__Work request__:
In the entries below, begin at the line with "Factory Direct Sales" and stop after the line with "Lands End Squall"; output those lines exactly and omit the pictures.

__Information supplied__:

↓

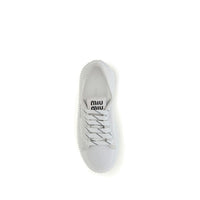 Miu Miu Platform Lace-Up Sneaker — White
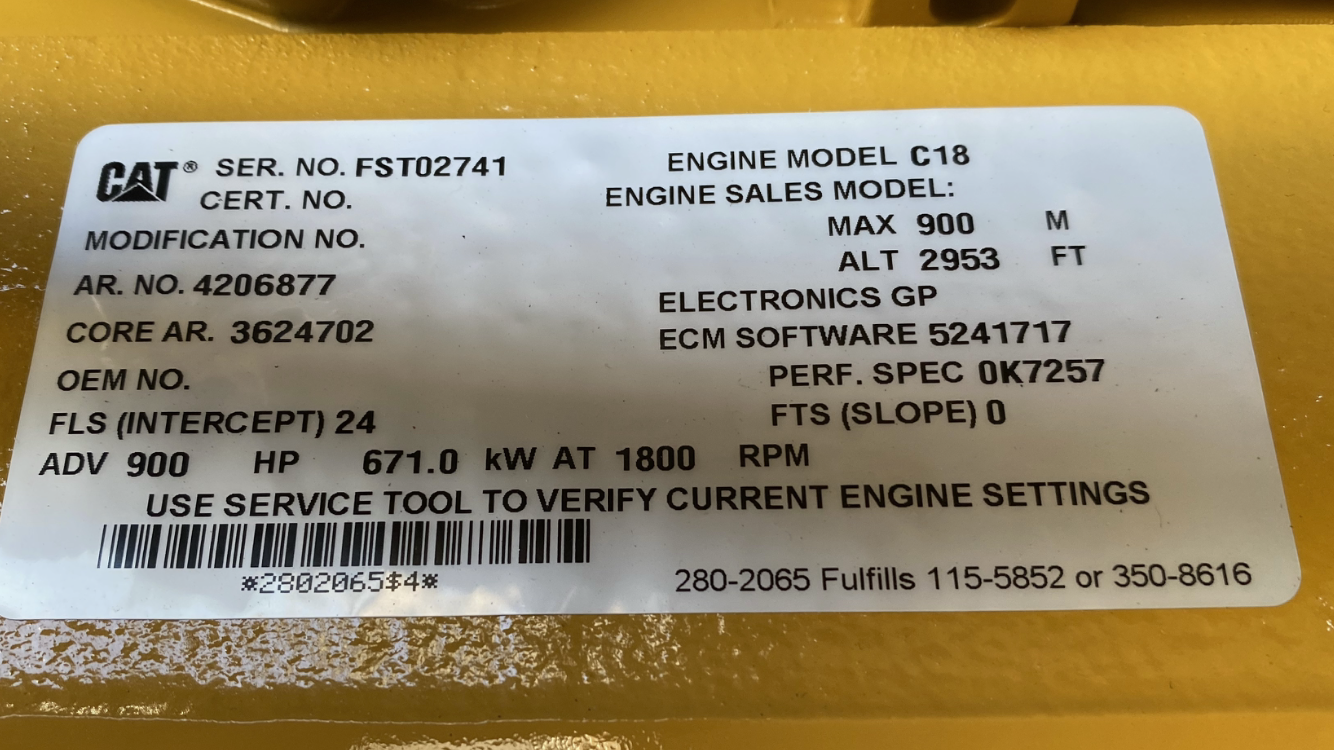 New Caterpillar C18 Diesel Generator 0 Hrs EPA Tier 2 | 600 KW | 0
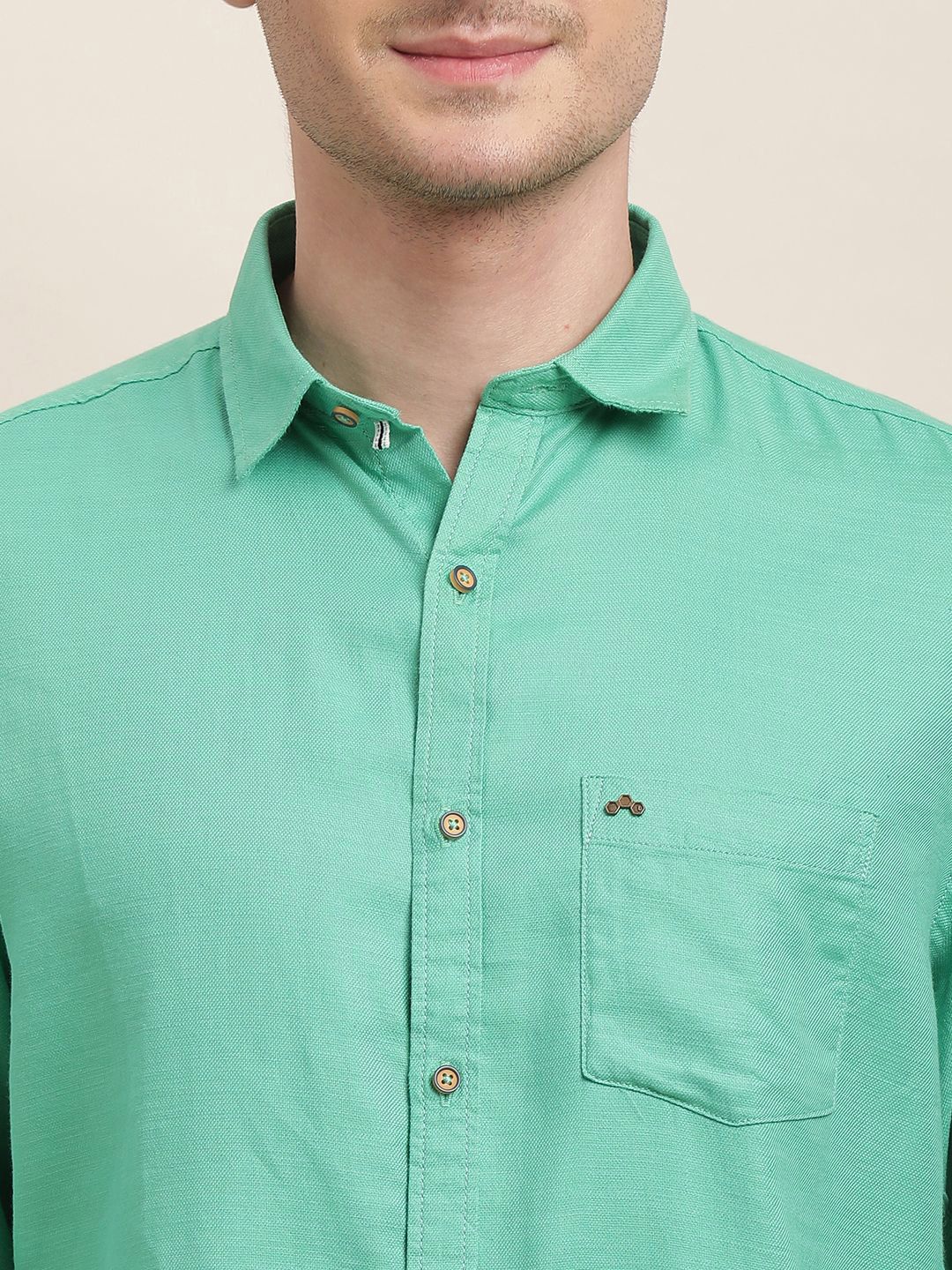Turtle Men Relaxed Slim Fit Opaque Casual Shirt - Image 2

↑
↓

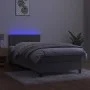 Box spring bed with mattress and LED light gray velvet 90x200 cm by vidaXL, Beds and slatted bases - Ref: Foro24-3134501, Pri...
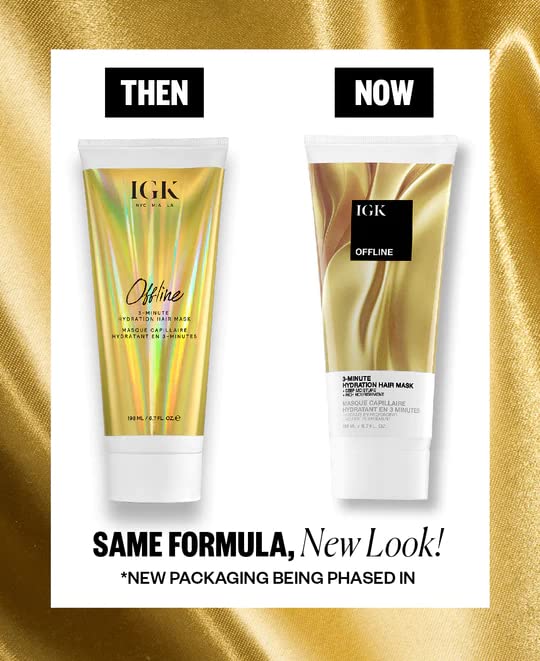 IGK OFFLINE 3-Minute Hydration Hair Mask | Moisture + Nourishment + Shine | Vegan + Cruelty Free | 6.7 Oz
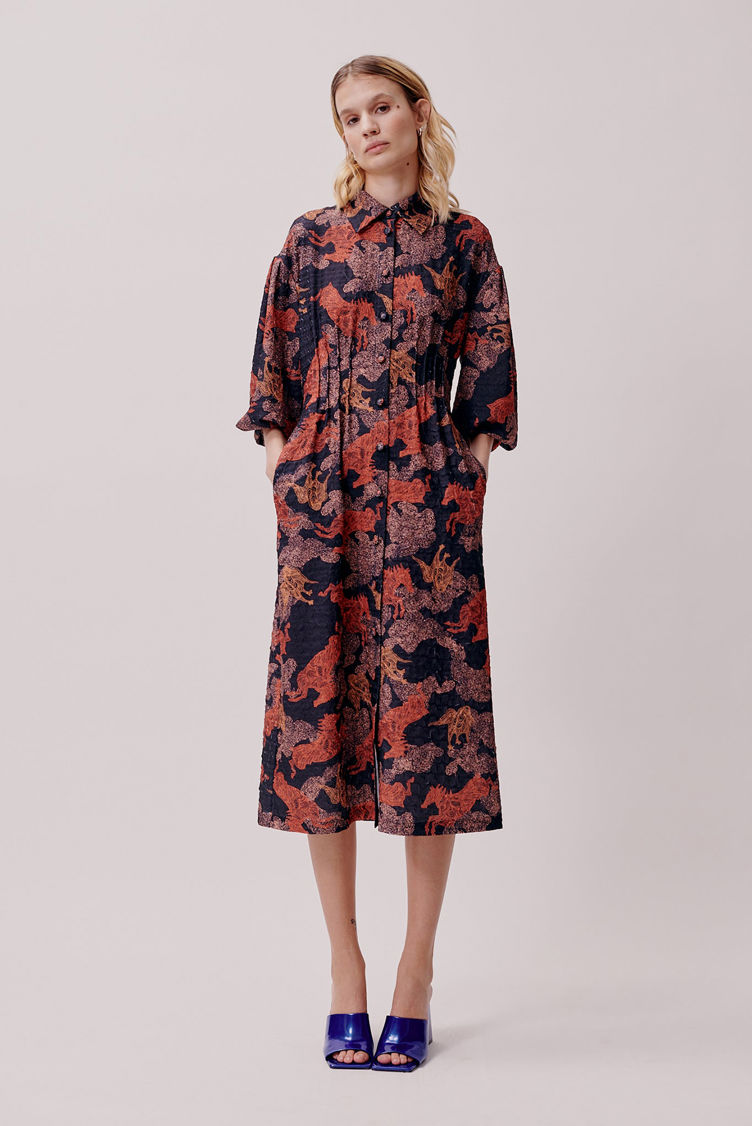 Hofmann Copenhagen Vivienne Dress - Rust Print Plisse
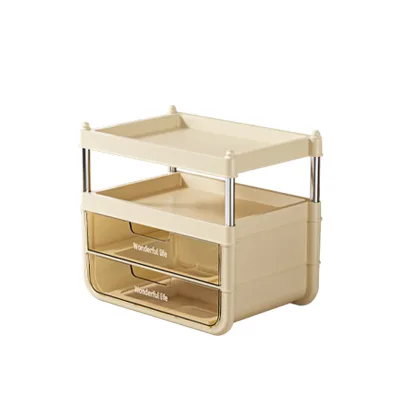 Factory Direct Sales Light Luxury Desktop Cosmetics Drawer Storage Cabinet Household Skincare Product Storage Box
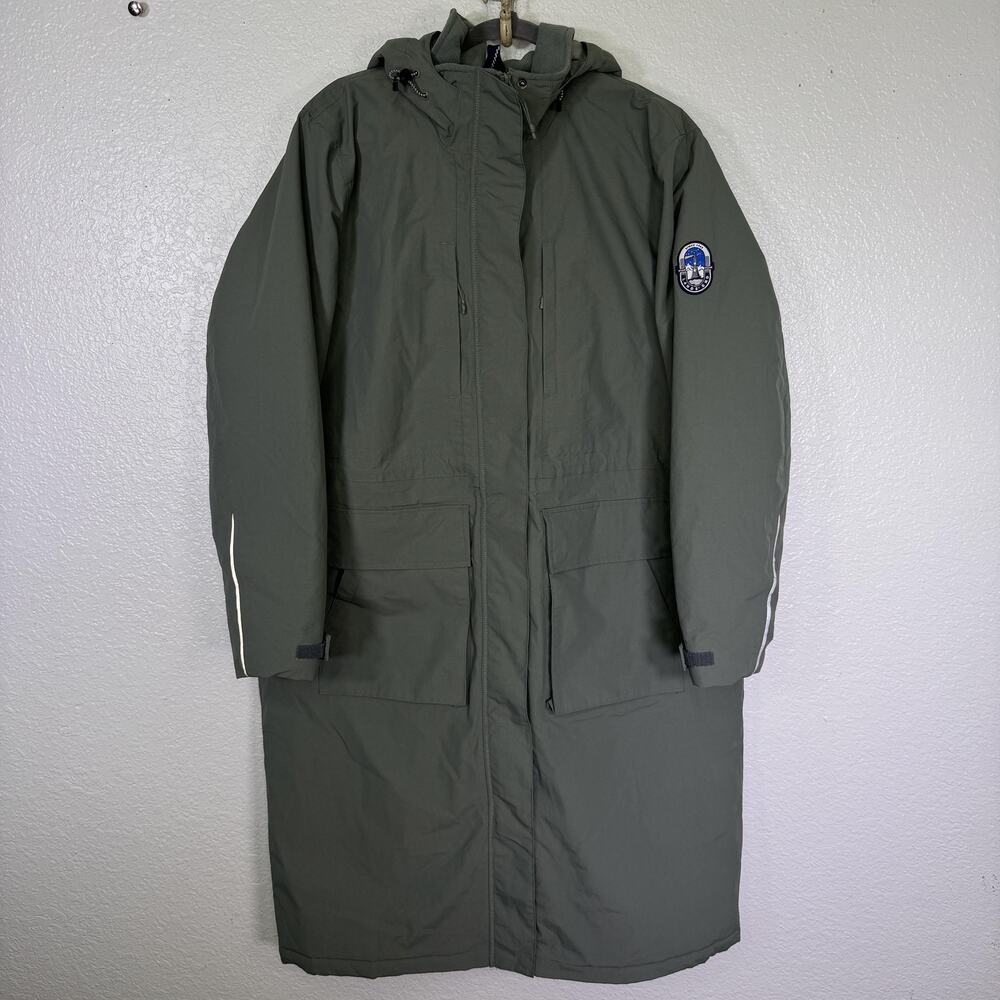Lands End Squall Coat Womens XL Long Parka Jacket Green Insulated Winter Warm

↑

__Answer below__:
 Factory Direct Sales Light Luxury Desktop Cosmetics Drawer Storage Cabinet Household Skincare Product Storage Box
Lands End Squall Coat Womens XL Long Parka Jacket Green Insulated Winter Warm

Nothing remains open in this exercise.